Abstract:
Despite proportional information being ubiquitous, there is not a standard account of proportional reasoning. Part of the difficulty is that there are several apparent contradictions: in some contexts, proportion is easy and privileged, while in others it is difficult and ignored. One possibility is that although we see similarities across tasks requiring proportional reasoning, people approach them with different strategies. We test this hypothesis by implementing strategies computationally and quantitatively comparing them with Bayesian tools, using data from continuous (e.g., pie chart) and discrete (e.g., dots) stimuli and preschoolers, 2nd and 5th graders, and adults. Overall, people\'s comparisons of highly regular and continuous proportion are better fit by proportion strategy models, but comparisons of discrete proportion are better fit by a numerator comparison model. These systematic differences in strategies suggest that there is not a single, simple explanation for behavior in terms of success or failure, but rather a variety of possible strategies that may be chosen in different contexts.
摘要:
尽管比例信息无处不在,没有比例推理的标准账户。
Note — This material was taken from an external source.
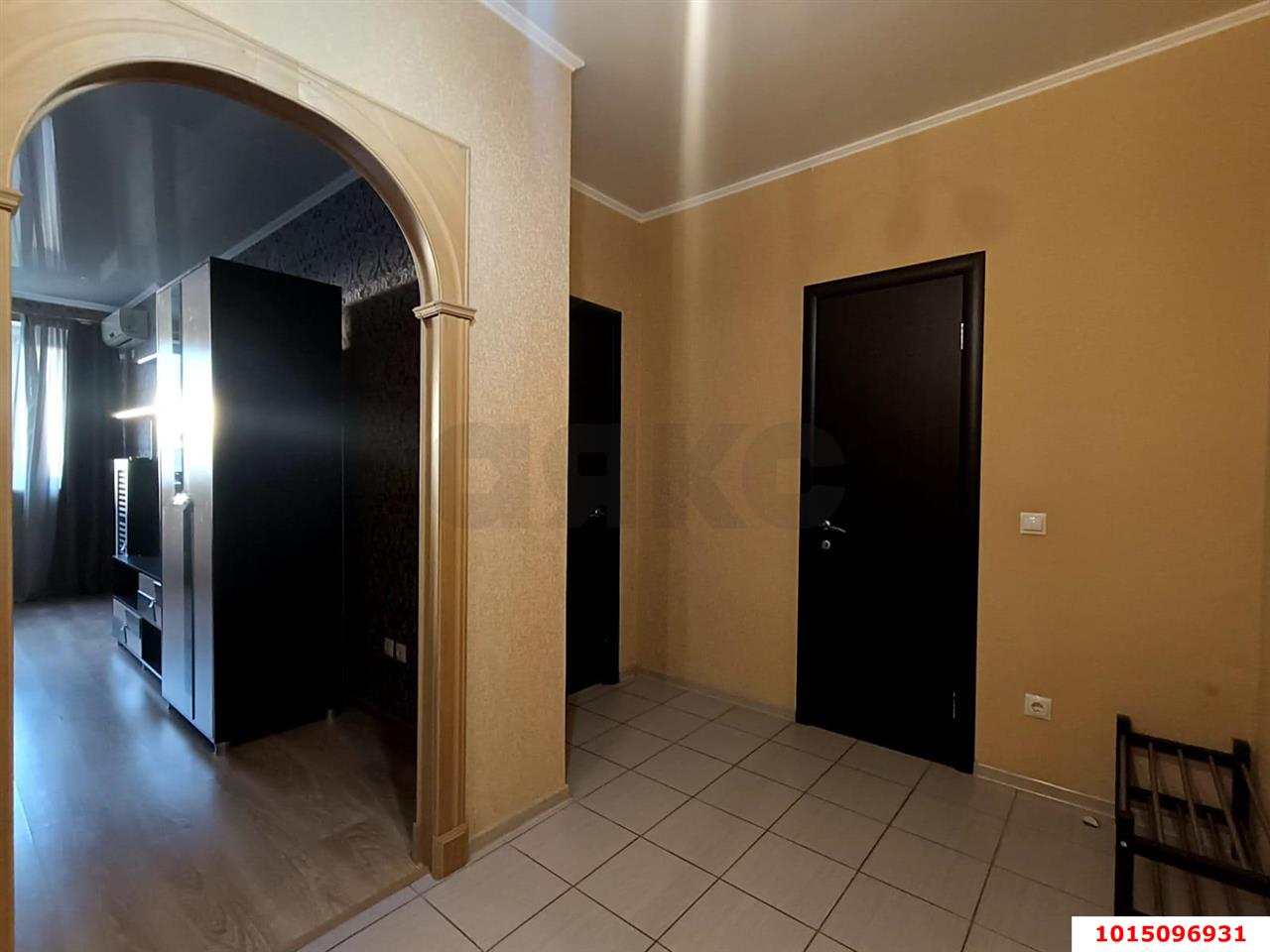 Фото №9: 1-комнатная квартира 50&nbsp;м², 16/24&nbsp;эт. - Краснодар, Прикубанский внутригородской округ, 40 лет Победы, мкр. жилой комплекс Достоевский, ул. Достоевского, 84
部分困难在于存在几个明显的矛盾:在某些情况下,比例是容易和特权的,而在其他人中,这是困难和被忽视的。一种可能性是,尽管我们看到需要比例推理的任务有相似之处,人们用不同的策略来对待他们。我们通过计算实施策略并将其与贝叶斯工具进行定量比较来检验这一假设,使用来自连续的数据(例如,饼图)和离散(例如,点)刺激和学龄前儿童,二年级和五年级的学生,和成年人。总的来说,人们对高度规律性和连续性比例的比较通过比例策略模型更好地拟合,但是离散比例的比较可以通过分子比较模型更好地拟合。这些系统性的策略差异表明,没有一个单一的,用成功或失败来简单解释行为,而是可以在不同的环境中选择各种可能的策略。